Sweden's Saltside sees massive traction with classifieds in emerging markets

    Classified sites are extremely local, making it that much more remarkable that Gothenburg-based Saltside Techologies has been on a roll with creating a listing sites in Bangladesh, Ghana, and Sri Lanka. The company has been growing at 300% per year, and have beaten out local and international competitors in auto, property, and general classifieds. Saltside is led by CEO Nils Hammar, who one of the first employees at Skype who also founded networking site Kindo which sold to MyHeritage in 2008. Saltside is backed by Investment AB Kinnevik, a Swedish investment house with some expertise in emerging markets, and has already raised $25 million in equity funding.

    Classified sites face the classic chicken and egg problem where you need to attract plenty of buyers and sellers in order for there to be a proper marketplace. How they managed to do this seems to be the interesting angle here, but after some pestering Hammar still didn’t divulge what their recipe was to build up a critical mass other than saying “there are some methods,” but it’s clear they’ve been successful.

    In Bangledesh, for example, Saltside’s Bikroy.com overtook the classifieds market leader Ekhanei.com, owned by Schibsted/Telenor, within 12 months of launching. In Ghana, the company says that Google decided to pull their service after Saltside’s Tonaton started taking off, becoming the 7th most visited site in the country. In Sri Lanka, nearly 50% of the country’s online population visits Ikman.lk monthly, making it the biggest classified site in their key categories.

    Talking to ArcticStartup, Hammar tells us they’re more than a barebones Craigslist, instead making modern full-featured sites tackling everything from secondhand goods, car dealers, property listings, and job listings. “We’re looking how we’re providing the Craigslist, Trulia, Car Fax, and Monster.com to some extent,” says Hammar.

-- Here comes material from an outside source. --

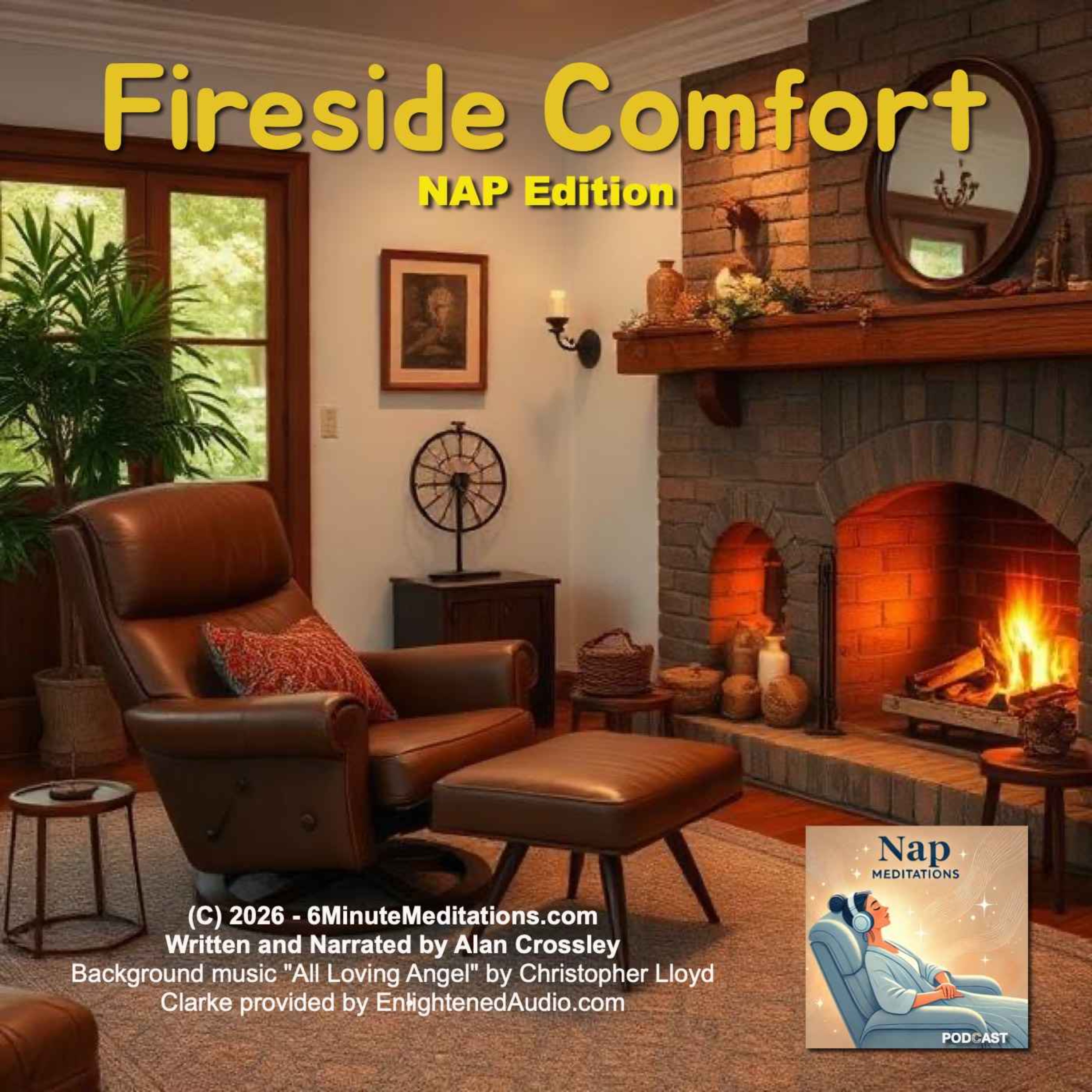 Fireside Comfort - A Guided Nap Meditation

    To support this growth, Saltside has grown to 200 people, of which 90% are locally based. In 2012 Saltside first went into these markets without any local employees, which Hammar says was an “opportunistic” view of the world. Today they have it set up where Heads of Sites of Swedish origin are running each country’s platform, staffed by local employees to sell ads, do customer support, and so on. Back in Sweden they develop the platform and additionally have experts who are a resource to the on-the-ground teams to help with customer support and other topics.

    Despite this growth, Saltside can’t get too comfortable – their markets are in flux. Ghana, Bangledesh, and Sri Lanka are rapidly coming online and users are switching between mobile and fixed connections to access the internet. “Hopefully we can discuss in five years in how these markets have rapidly changed, and internet penetration has rapidly changed, and the business has changed over these years,” says Hammar.